Nawet 100 km/godz. w porywach może wynosić prędkość wiatru powyżej górnej granicy lasu w Bieszczadach. "Silny wiatr z południowego zachodu zapowiada nadejście halnego" – powiedział w sobotę PAP ratownik dyżurny bieszczadzkiej grupy GOPR Paweł Szopa.
Jak zaznaczył, powyżej górnej granicy lasu średnia prędkość wiatru wynosi 80 km/godz. "Wszędzie panuje dobra, dochodząca do kilkunastu kilometrów, widoczność" – mówił Szopa.
Rano temperatury powietrza wahały się od sześciu stopni Celsjusza w Cisnej do dziewięciu w Ustrzykach Górnych. Na połoninach termometry pokazywały około zera stopni. "Śnieg leży jedynie w zagłębieniach" – dodał ratownik.
"Wybierający się w góry powinni pamiętać, że szlaki są błotniste i śliskie. Natomiast silny wiatr utrudnia wędrówki, a temperatura odczuwalna może być niższa od tej pokazywanej na termometrze" – podkreślił Szopa.
Ratownik dyżurny GOPR przypomniał, że z uwagi na coraz krótszy dzień, w góry trzeba wcześniej wychodzić i wcześniej wracać.
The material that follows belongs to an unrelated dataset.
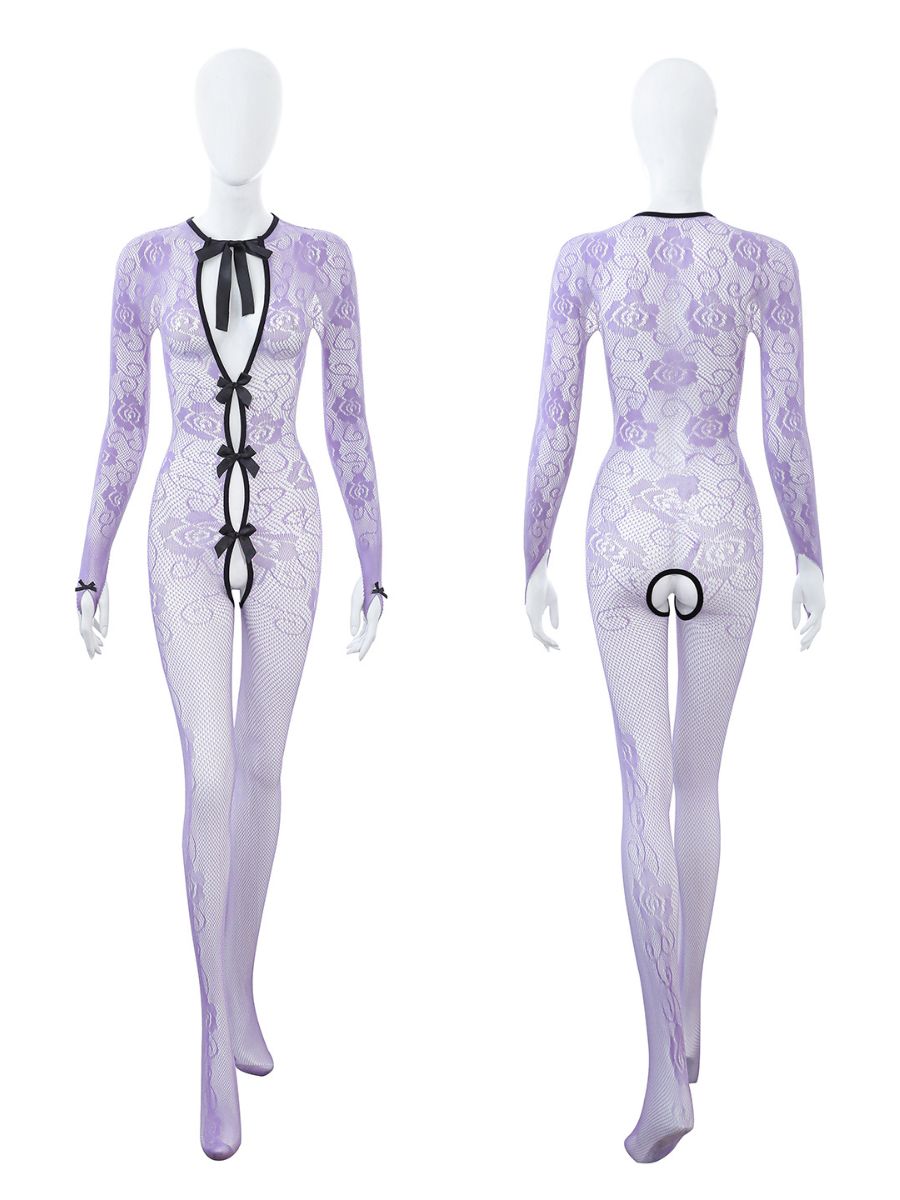 Sexy Maid Cosplay Lingerie Set Purple Floral Lace Bodystocking with Ruffled Apron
W trakcie wycieczek górskich obowiązuje nakaz zasłaniania ust i nosa, m.in. na parkingach czy na tarasach widokowych. W lasach i na terenach otwartych, m.in. na łąkach i połoninach, nie ma takiego obowiązku. Turyści powinni także zachować co najmniej dwumetrowe odstępy.